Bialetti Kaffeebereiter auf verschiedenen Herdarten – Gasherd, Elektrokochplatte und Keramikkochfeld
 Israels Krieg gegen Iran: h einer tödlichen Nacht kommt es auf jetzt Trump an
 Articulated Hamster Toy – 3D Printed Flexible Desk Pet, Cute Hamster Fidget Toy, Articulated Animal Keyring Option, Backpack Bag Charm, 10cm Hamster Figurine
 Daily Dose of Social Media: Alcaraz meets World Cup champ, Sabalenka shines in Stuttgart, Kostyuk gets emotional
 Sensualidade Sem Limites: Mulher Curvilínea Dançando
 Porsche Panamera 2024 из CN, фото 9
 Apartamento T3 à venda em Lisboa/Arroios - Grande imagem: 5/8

========================================================================

The answer must be exactly the lines from the one containing "Daily Dose of" through the final line of the data, both ends included, and nothing else.

 Daily Dose of Social Media: Alcaraz meets World Cup champ, Sabalenka shines in Stuttgart, Kostyuk gets emotional
 Sensualidade Sem Limites: Mulher Curvilínea Dançando
 Porsche Panamera 2024 из CN, фото 9
 Apartamento T3 à venda em Lisboa/Arroios - Grande imagem: 5/8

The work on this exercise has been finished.